DATA SEGMENT: Begin

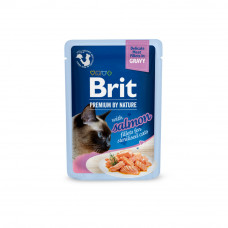 Brit Premium Delicate Fillets in Gravy Salmon For Sterilised 85 г*24 шт паучі для стерилізованих кішок (філе лосося в соусі)1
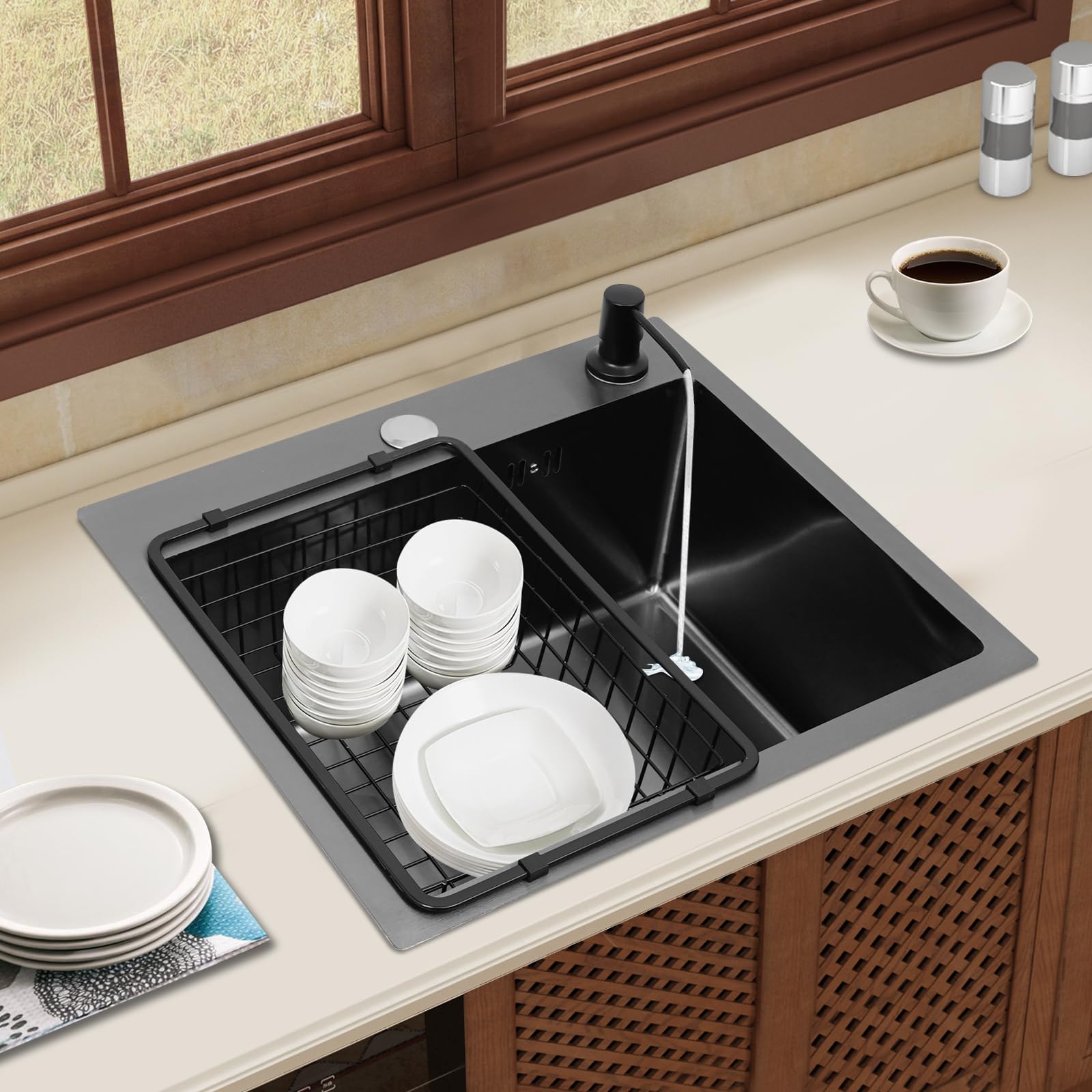 TiryyDrela Lavello Cucina Inox Nero 1 Vasca Antigraffio Accessoriato
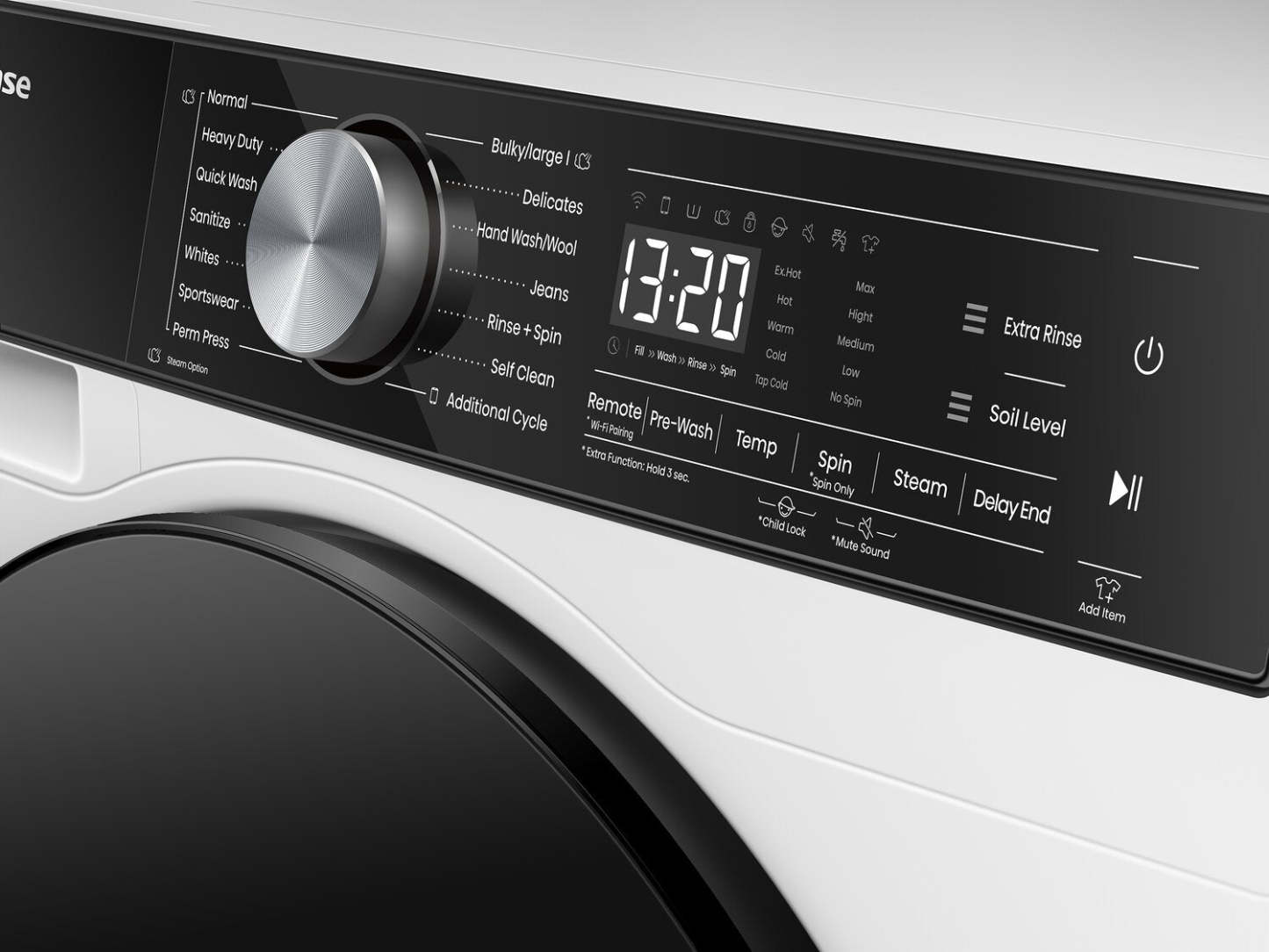 Laveuse Hisense à chargement frontal de 3,1 pi3 et de 24 po avec lavage à la vapeur - blanche - WF5S2845BW | Hisense 24 3.1 Cu. Ft. Front Load Washer with Steam Wash - White - WF5S2845BW
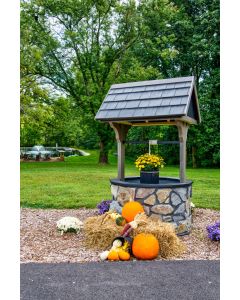 Jumbo Poly Lumber/Stone Combo Wishing Well - Coastal Gray/Black/Brown Stone/Black Grout (Special Order)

DATA SEGMENT: End

▸ **ACTION ITEM**:
Please transcribe the listing above verbatim and exclude every picture.

▸ **ANSWER TO THE EXERCISE**:
 Brit Premium Delicate Fillets in Gravy Salmon For Sterilised 85 г*24 шт паучі для стерилізованих кішок (філе лосося в соусі)1
 TiryyDrela Lavello Cucina Inox Nero 1 Vasca Antigraffio Accessoriato
 Laveuse Hisense à chargement frontal de 3,1 pi3 et de 24 po avec lavage à la vapeur - blanche - WF5S2845BW | Hisense 24 3.1 Cu. Ft. Front Load Washer with Steam Wash - White - WF5S2845BW
 Jumbo Poly Lumber/Stone Combo Wishing Well - Coastal Gray/Black/Brown Stone/Black Grout (Special Order)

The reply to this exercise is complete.